En la copla, la moza expresa el desvío y desamor hacia el “chaval” que la pretende: “El clavé que mi distes/ lo tiré a un pozo./ Yo no quiero claveles,/ de ningún mozo./ Lo que me pesa,/ el tiempo que lo tuve/ en la cabeza.

También, la ingenua devoción por la imagen venerada: “La Virgen del Rocío,/ como es tan alta,/ se le ven por abajo/ las enaguas blancas./ Y por arriba/ se le ven los collares de gargantilla”.

Y la pena por dejarla sola al volver los romeros a sus tareas: “La Virgen del Rocío,/ se queda sola./ Reyna d’estas marismas/ donde es Pastora”.

Aunque quisieran llevarla consigo: “Ya me voy para Puebla,/ adiós Reyna del Rocío./ Quién te pudiera llevar/ a hombro hasta el pueblo mío”.

Pero sin duda es la guitarra el alma de las coplas y de las fiestas del pueblo.

En la baja Edad Media, se usaron en España diversos instrumentos, algunos moriscos, otros cristianos o judíos, en los bailes y festejos populares. Había instrumentos de viento, como el albogue, el caramillo, el añafil —trompeta morisca—, la dulzaina y dos tipos de flautas que por su tamaño, y desde luego por su sonido, distinguían entre “medio caño” y “caño entero”, además de la trompa.

Entre los instrumentos de percusión se conocían el tamborete, el atabal, las sonajas y el panderete. Y entre los de cuerda, el laúd, el rabel, la cítola, el arpa, el salterio judío, la vihuela de péndola -especie de mandolín-, la vihuela de arco -precursora del violín- y la guitarra. Con estos instrumentos, se formaban “orquestas” que ponían una nota de alegría en las plazas de las aldeas o de las amuralladas ciudades medievales.

Juan Ruiz, el Arcipreste de Hita, experto conocedor de todas las expresiones del alma popular, que supo frecuentar el trato galante y festivo de troteras y danzaderas, de moras y judías, nos dice que formaban un conjunto, el salterio judío, la vihuela de péndola y el “rabel gritador”, que los pastores tomaron de los moros. El rabel concertaba también con las flautas acompañadas del tamborete, el pandete y las sonajas. La dulzaina y el albogue con el francés “odrecillo” —especie de mandurria—, mientras las trompas y los añafiles moriscos animaban la marcha de los hombres de guerra.
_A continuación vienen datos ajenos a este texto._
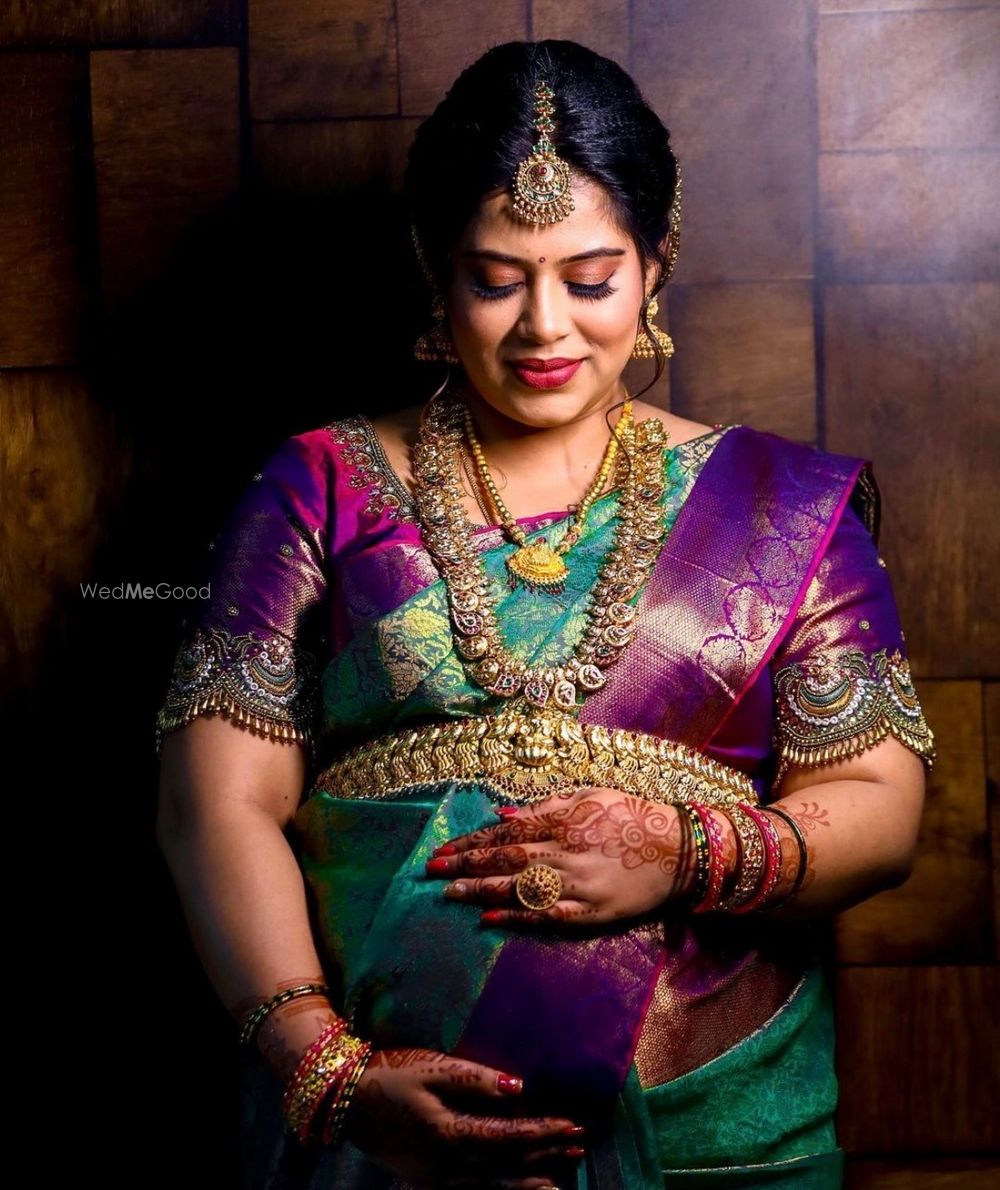 Photo From Baby shower makeup  - By Makeover by Poorvi Gowda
La guitarra, de origen moro, en el siglo XIV tenía ya en España una réplica “cristiana”, pues el Arcipreste distinguía entre “la guitarra morisca de las voces agudas” y “la guitarra latina”. Sin embargo, es a fines del siglo XVI cuando se la admite en los más elevados círculos sociales donde sus notas, como entre la gente del pueblo, acompañan las coplas que dicen los mismos pesares y las mismas ilusiones del alma femenina: “Mis vestidos son pesares/ que no se pueden rasgar”.

La guitarra sigue siendo en España el alma de la poesía popular. Pero...¿Y si la guitarra muere? Ya anda por aquí la guitarra eléctrica y la música “yeyé” ahogando a veces a la auténtica música española... Quizás por eso, la copla, presintiendo este acabar inexorable, ya pide que “Si la guitarra se muere,/ entiérrenla por el río/ Para que el agua la suene”.

Y habrá que enterrarla por alguno de esos ríos que, contumaces y relapsos, conservan con orgullo sus nombres moros: Gaudalquivir, Guadiana, Guadaira... para que sus aguas hagan sonar las cuerdas y le arranquen las notas de olvidadas canciones del Oriente. Quizás, las mismas que oyeron cantar a Zaidas y Zoraidas que paseaban hace siglos por los jardines de ensueño del Lindaraja, emulando los trinos de alondras y de mirlos.

(*) Artículo inédito enviado a El Litoral por el autor desde Sevilla a mediados de los 60.

La guitarra, de origen moro, en el siglo XIV tenía ya en España una réplica “cristiana”, pues el Arcipreste de Hita distinguía entre “la guitarra morisca de las voces agudas” y “la guitarra latina”.